> **Work to complete**: Repeat the listing exactly. The images do not belong in the copy.

> **Provided material**:
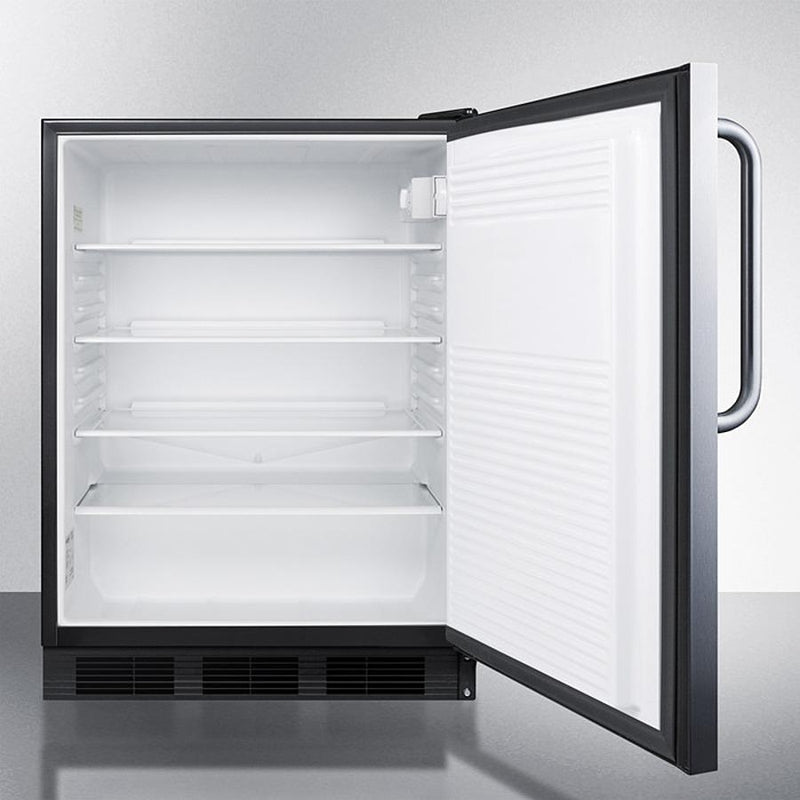 Accucold 24" Wide All-Refrigerator with Auto Defrost and Stainless Steel Exterior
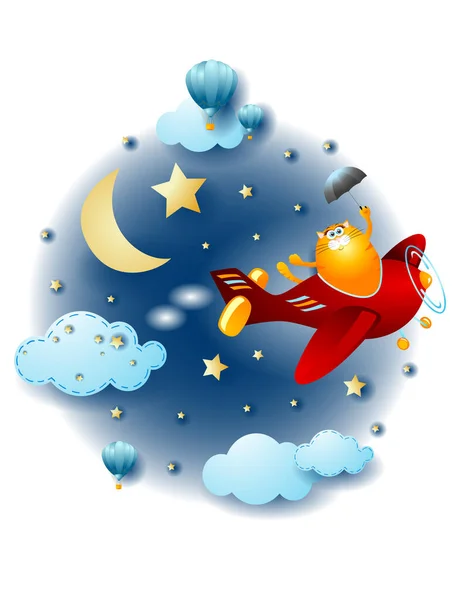 Night Landscape Flying Cat Umbrella Fairy Tale Vector Illustration Eps10 — Stock Vector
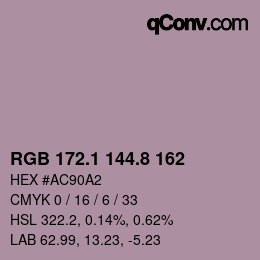 Color code: RGB 172.1 144.8 162 | qconv.com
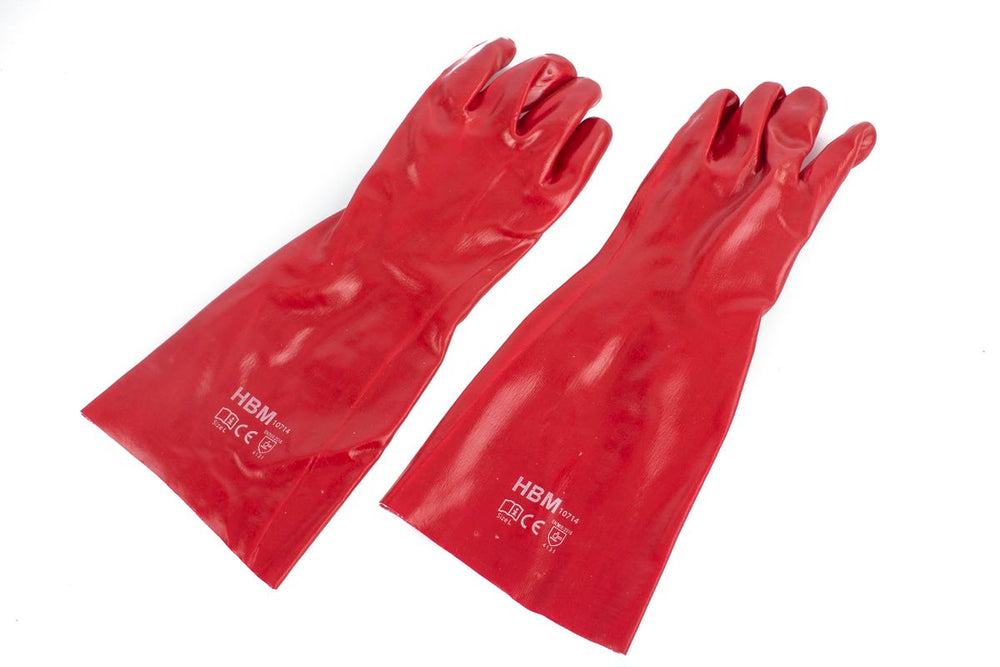 Guantes protectores de Pvc rojos de HBM, versión larga, tamaño L nuevo — Nuevo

> **Task result**:
 Accucold 24" Wide All-Refrigerator with Auto Defrost and Stainless Steel Exterior
 Night Landscape Flying Cat Umbrella Fairy Tale Vector Illustration Eps10 — Stock Vector
 Color code: RGB 172.1 144.8 162 | qconv.com
 Guantes protectores de Pvc rojos de HBM, versión larga, tamaño L nuevo — Nuevo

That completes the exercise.